Exercise: Leave the pictures out. Return all other data exactly.
------ Supplied information
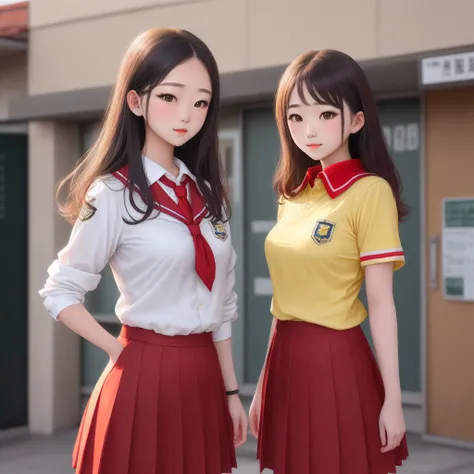 15 years old school girls School uniform.( veteran Yellow sportshirt with red collar.)(red skirt)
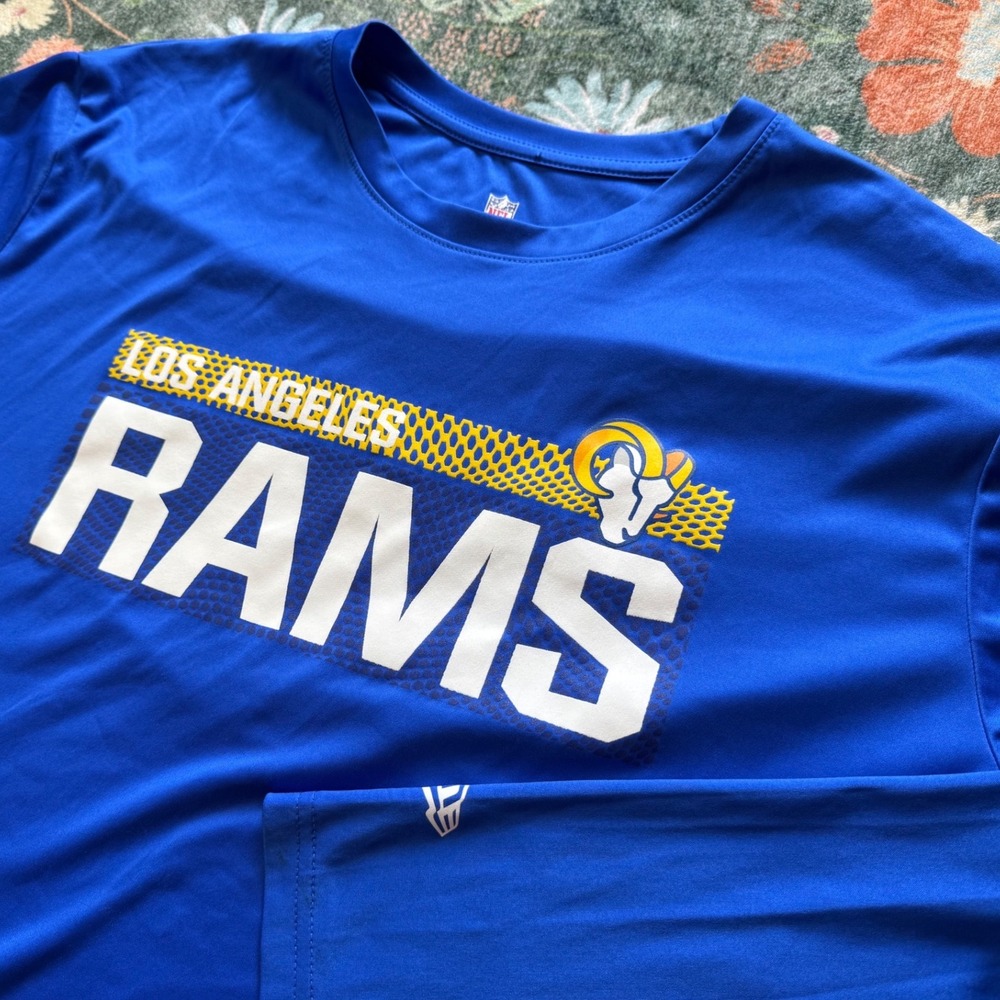 New Era Los Angeles Rams Mens XXL Blue Long Sleeve NFL Performance Shirt Graphic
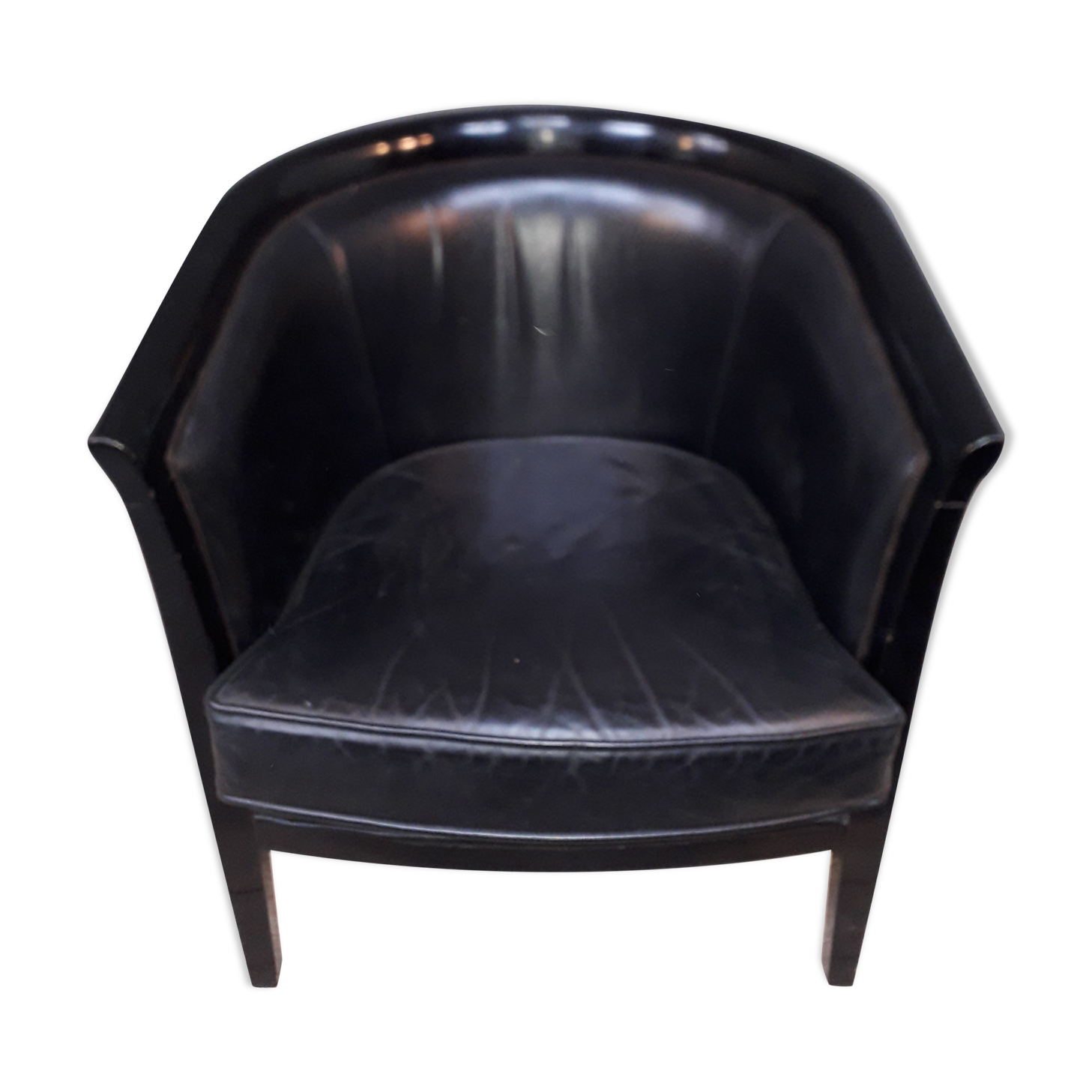 Modern black leather armchair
------------
Task result:
 15 years old school girls School uniform.( veteran Yellow sportshirt with red collar.)(red skirt)
 New Era Los Angeles Rams Mens XXL Blue Long Sleeve NFL Performance Shirt Graphic
 Modern black leather armchair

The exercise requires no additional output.